Astringent Corrective: AbuKhalil on Iran's Turmoil

by Chris Floyd
Originally published Monday, 22 June 2009

Professor As'ad AbuKhalil rightly notes the rank hypocrisy of Barack Obama's statement on the turmoil in Iran:

Obama has spoken: "The universal rights to assembly and free speech must be respected, and the United States stands with all who seek to exercise those rights." There is so much that you can do with this statement. The hypocrite in [chief] is invoking an argument that he himself so blatantly ignores and will continue to ignore to the last day of his presidency. Does he really believe in that right for peoples? Yes, but only in countries where governments are not clients of the US. Will he invoke that argument, say, in Saudi Arabia or Egypt or Morocco or Tunisia or Libya or Jordan or Oman, etc? Of course not. This is only an attempt to justify US imperial policies. And even in Iran, the Empire is nervous because it can't predict the outcome. But make no mistake about it: his earlier statement to the effect that the US can't for historical reasons "appear to be meddling" sets the difference between the Bush and the Obama administration. The Bush administration meddled blatantly and crudely and visibly, while the Obama administration meddles more discreetly and not-so-visibly. Tens of thousands of pens equipped with cameras have been smuggled into Iran: I only wish that the American regime would dare to smuggle them into Saudi Arabia so that the entire world can watch the ritual of public executions around the country.

I'd like to say an additional word about Obama's statement. When I saw that the president also invoked the words of Martin Luther King Jr. (“Martin Luther King once said, ‘The arc of the moral universe is long, but it bends toward justice’”),  I very nearly threw up. To quote an apostle of non-violence, who spent his last days standing with striking workers and railing against the American government as "the greatest purveyor of violence in the world today" because of its murderous war machine, when you yourself are in command of that war machine, spewing out Vietnam-style death (and "targeted assassinations") in Iraq, Afghanistan, Pakistan; when you are striving with all your might to defend, shield and in many cases continue the heinous torture atrocities of your predecessor; when you are pouring trillions of public dollars into the purses of the financial elite while letting millions of workers go hang; and when you yourself have made repeated statements that you will never take any options "off the table" when dealing with Tehran, including the nuclear destruction of the Iranian people for whose liberties and well-being you now profess such noble concern -- well, that seems a bit much, if I may riot in understatement.

In other posts, AbuKhalil offers more good sense on the Iranian situation:

The hypocrisy [of Western media coverage] is quite stunning.

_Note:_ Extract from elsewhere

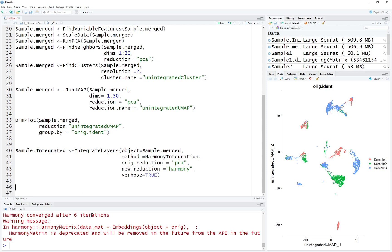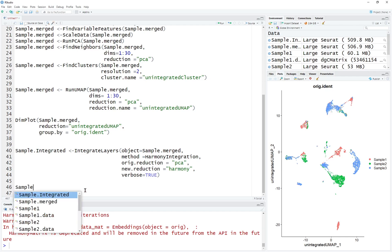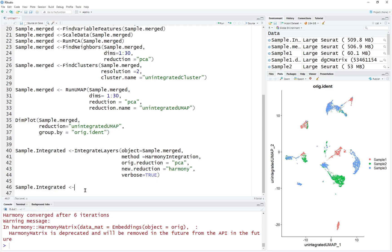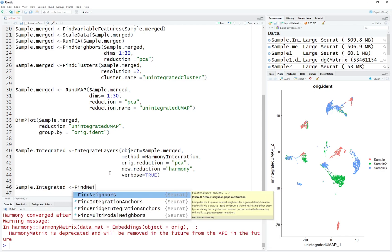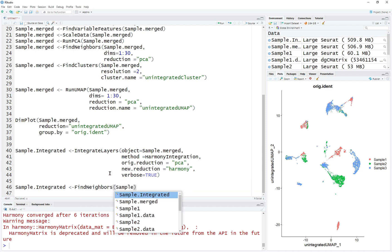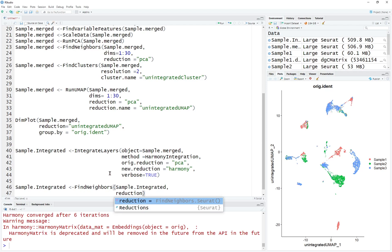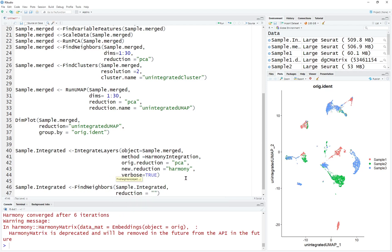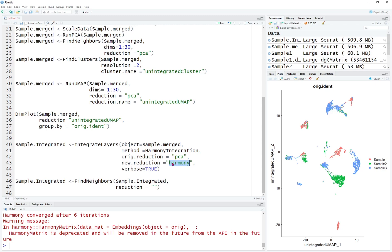The integration has finished. To see how it looks, after the integration we can find neighbors, clusters, and visualize the integrated results again to compare with the unintegrated one. We can call this sample integrated. FindNeighbors — the data will be sample integrated. The reduction here is going to equal harmony — which is what we named it. If you name it something else, keep them consistent.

They are admiring the dare of the population when the Palestinian population shows more dare. They are outraged at the level of repressive crackdown by the regime when Israeli crackdowns on demonstrations are far more brutal and savage? They are admiring the participation of women in a national movement, when Palestinian women led the struggle from as far back as the 1930s (see the private papers of Akram Zu`aytir). They are outraged that the Iranian government is repressing media coverage, when the Israeli government is far more strict: when it was perpetrating slaughter in Gaza few months ago, the Western press was not allowed any freedom of movement except the hill of death where Michael Oren led reporters to watch Israeli brutal assualt on the Palestinian civilian population from a distance.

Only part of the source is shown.